Translated from Vietnamese by Nina McPherson and Phan
Huy Duong. ISBN 0-7868-6581-4. U.S.: Hyperion East. 337
pp. $23.95.
Asahi Evening News
By JAN B. GORDON
August 20, 2000
Underground literature is a genre common to both East
and West, probably because repression, real or
imaginary, assumes universal forms. From the
19th-century sewers of Paris to samizdat publications in
the former Soviet Union and even unto Theodore
Kaczynski's anonymous ultimatums from northwestern woods
to the New York Times (which led to his arrest),
clandestine publication is literature put to the service
of ideology. Like the promise of spring in winter,
underground literature is hope buried in resistance,
both part of and yet separable from a dominant
literature and culture that simultaneously maintain and
threaten it.
Duong Thu Huong's ``Memories of a Pure Spring'' is,
even from its opening pages, identified with this
milieu, literally in the subterranean bunkers and
tunnels along the Ho Chi Minh Trail during the so-called
American War.
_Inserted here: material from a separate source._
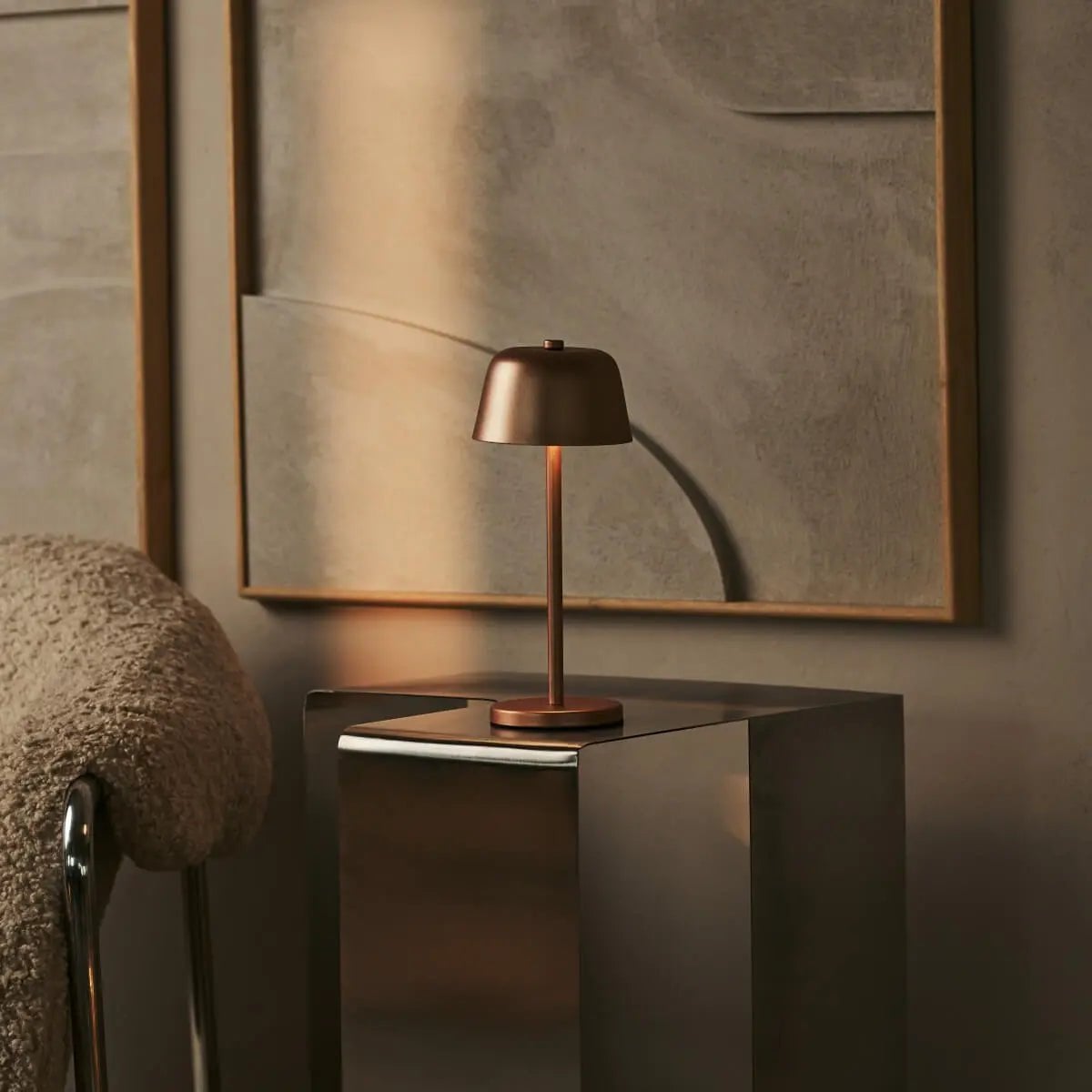 Fenn metal lamp side view showing cylindrical copper form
There Hung, the well-educated
composer/director of a cultural troupe deployed to
entertain struggling Viet Cong troops, meets and begins
to train a young peasant vocalist named Suong, a sort of
native Edith Piaf, who comes to be known as the
``highlands nightingale.'' Some of the most moving
passages of the novel describe the growth of their love
under very hostile conditions: weekly baths in tubs
fashioned from downed helicopters; a daughter born
during an artillery barrage; monsoon floods that
inundate their meager cache of rations.
And yet their love survives five years of war against
extraordinary odds, as if its survival, like the love of
Gatsby and Daisy, depended upon the maintenance of some
Vietnamese (as opposed to American) ``dream'' of amatory
and political reunification. Allegorically, their
marriage, like the Communist revolution to which it is
dedicated, would abolish differences between the
nation's mandarin and peasant classes, the creative and
performative spirits, combining antithesis into one
synthetic ``collective body'' in the service of state
struggle.
But as is often the case with the politics of
resistance, love, driven from its underground struggle,
begins to come apart in the light of day. For reasons
that are perhaps purposely left unclear, Hung does not
secure his promised postwar posting as Head of the
Regional Cultural Service. A former classmate at the
nation's premier art institute replaces him as director
of the operatic troupe where Suong still sings to even
more enhanced popularity. For hers is a voice now tinged
with the melancholy that has overtaken her marriage as
well as the permanent revolution.
Although ostensibly the victim of bureaucratic turf
wars that mime the subterranean, clandestine activity of
the concluded real war, Hung, this prescient novel
suggests, is by no means blameless. For once art is
pressed into the service of wartime propaganda-no matter
how noble the cause-it permanently exists in the service
of the state, which can as easily dismiss its creators
as summon them. All art not impressed into state service
becomes ipso facto counterrevolutionary. Associating
with a motley group of former classmates, disaffected
painters and poets lacking any command audience, Hung is
accused of conspiring to leave the country as a ``boat
person.'' Whether he has actually conspired or been
blackmailed is again unclear; what is certain is that
both revolutionary and counterrevolutionary art have
been infiltrated by the security apparatus. Once
corrupted, no art can ever be free of it in the ``new
country,'' which is increasingly indistinguishable from
what one character calls ``the S-shaped snake of the
past.''
Suong must redeem her husband from the rigors of a
re-education camp, initially with scarce money, given
the needs of their two daughters, but ultimately with
her body, given to the camp's persistent commander, who
pursues her with a combination of zeal and devotion to a
seemingly inaccessible icon hidden behind layers of
theatrical makeup. Their love continues long after its
ostensible, liberating purpose has been achieved,
leading the reader to suspect that dedication to
authority, as long as it remains faithful to an assigned
role (and is hence individually unaccountable), is
easily confused with love. For love, like art, can never
be freely given, but only commanded. In such an
environment, the revolution has some of the dynamics of
love, insofar as it must evolve or become an obstacle to
itself.
If the intrusive state bureaucracy and the equally
intrusive fiction of collective ``solidarity'' were not
enough, the past itself becomes an authority which
co-opts all freedom, including narrative freedom, in
``Memories of a Pure Spring.'' For memory exists in this
novel as an italicized stream-of-consciousness narration
that intrudes into the direct narrative in a technique
that probably owes something to William Faulkner's
resistances to reunification. In these passages which,
like the revolution and the war, continue for far too
long, the springtime promises by Hung and Suong intrude
upon the reality of what their love and the revolution
have become. Here, in an otherwise remarkable novel,
Hung's narrative often seems stylistically at war with
itself, albeit this strife too may be as thematic as the
domestic and civil strife that fill its pages.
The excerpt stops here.